Poor, poor grandma who needs a home near her doctor? If she’s really poor why does she have multiple houses, and if she’s not does this really affect her? I live in a neighborhood where “aren’t you afraid you’re going to get shot?” is the first thing outsiders ask me about where I’m from, and if Grandma has owned her mostly-unoccupied vacation house for any significant time I probably pay a lot more property tax than she does. You couldn’t trip over the limbo bar to gain my sympathy, it’s buried a few feet deep.

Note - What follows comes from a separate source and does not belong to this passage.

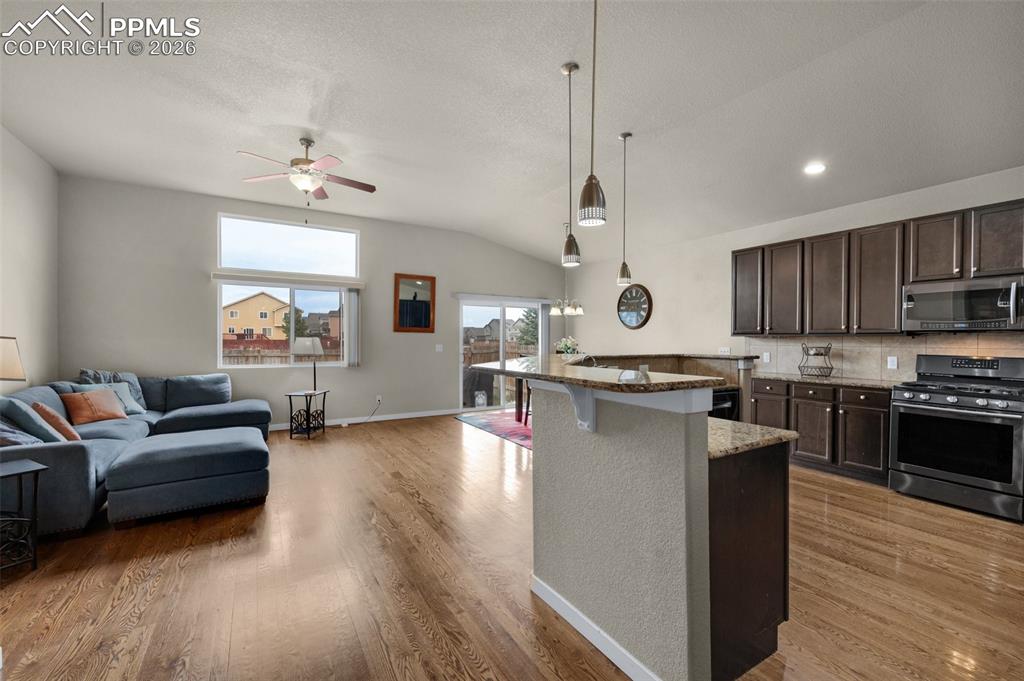 Image 5 of 31: Kitchen featuring stainless steel appliances, open floor plan, a ceiling fa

This is a tiny nod toward taxing the rich, but that’s all. It’s not significant or meaningful, it won’t do a lot, most of the housing stock in question even if returned to actual residents won’t make a dent in the astronomical cost of living in or anywhere near this city. But it’s a tiny step in the right direction – and watching how hysterical the moneyed class is about the rest of us asking for even the tiniest drop in the goddamned bucket we’re trying to fill without their help is telling.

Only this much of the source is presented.